What needs to be done:
Find the line that contains "Puig Bug spoiler", then repeat it and each line after it to the end of the records, exactly.

Information provided:
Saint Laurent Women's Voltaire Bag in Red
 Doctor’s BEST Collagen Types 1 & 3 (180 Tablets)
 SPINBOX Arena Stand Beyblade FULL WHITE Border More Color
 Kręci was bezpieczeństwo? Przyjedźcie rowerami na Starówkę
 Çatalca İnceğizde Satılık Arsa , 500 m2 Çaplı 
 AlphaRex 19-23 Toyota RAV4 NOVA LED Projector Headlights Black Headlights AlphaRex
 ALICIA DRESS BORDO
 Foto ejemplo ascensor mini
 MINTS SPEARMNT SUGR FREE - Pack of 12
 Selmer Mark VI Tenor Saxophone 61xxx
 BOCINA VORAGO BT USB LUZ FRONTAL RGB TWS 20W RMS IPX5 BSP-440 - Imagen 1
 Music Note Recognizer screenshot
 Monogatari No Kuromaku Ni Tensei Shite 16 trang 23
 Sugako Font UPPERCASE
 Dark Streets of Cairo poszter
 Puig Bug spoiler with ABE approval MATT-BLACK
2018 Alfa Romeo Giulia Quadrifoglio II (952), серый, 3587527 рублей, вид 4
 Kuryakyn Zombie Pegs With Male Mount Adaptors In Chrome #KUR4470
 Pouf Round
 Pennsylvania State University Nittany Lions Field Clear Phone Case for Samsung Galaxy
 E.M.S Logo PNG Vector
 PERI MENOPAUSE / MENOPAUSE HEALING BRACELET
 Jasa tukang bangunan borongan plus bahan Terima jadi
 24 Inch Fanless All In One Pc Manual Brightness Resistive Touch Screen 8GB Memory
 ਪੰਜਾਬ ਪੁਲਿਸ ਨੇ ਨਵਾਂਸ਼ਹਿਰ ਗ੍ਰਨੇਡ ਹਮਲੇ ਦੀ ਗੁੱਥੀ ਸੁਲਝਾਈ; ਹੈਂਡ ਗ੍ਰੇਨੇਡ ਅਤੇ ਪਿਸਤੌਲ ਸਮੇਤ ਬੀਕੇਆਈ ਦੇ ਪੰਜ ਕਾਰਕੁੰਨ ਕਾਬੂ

Expected output:
 Puig Bug spoiler with ABE approval MATT-BLACK
2018 Alfa Romeo Giulia Quadrifoglio II (952), серый, 3587527 рублей, вид 4
 Kuryakyn Zombie Pegs With Male Mount Adaptors In Chrome #KUR4470
 Pouf Round
 Pennsylvania State University Nittany Lions Field Clear Phone Case for Samsung Galaxy
 E.M.S Logo PNG Vector
 PERI MENOPAUSE / MENOPAUSE HEALING BRACELET
 Jasa tukang bangunan borongan plus bahan Terima jadi
 24 Inch Fanless All In One Pc Manual Brightness Resistive Touch Screen 8GB Memory
 ਪੰਜਾਬ ਪੁਲਿਸ ਨੇ ਨਵਾਂਸ਼ਹਿਰ ਗ੍ਰਨੇਡ ਹਮਲੇ ਦੀ ਗੁੱਥੀ ਸੁਲਝਾਈ; ਹੈਂਡ ਗ੍ਰੇਨੇਡ ਅਤੇ ਪਿਸਤੌਲ ਸਮੇਤ ਬੀਕੇਆਈ ਦੇ ਪੰਜ ਕਾਰਕੁੰਨ ਕਾਬੂ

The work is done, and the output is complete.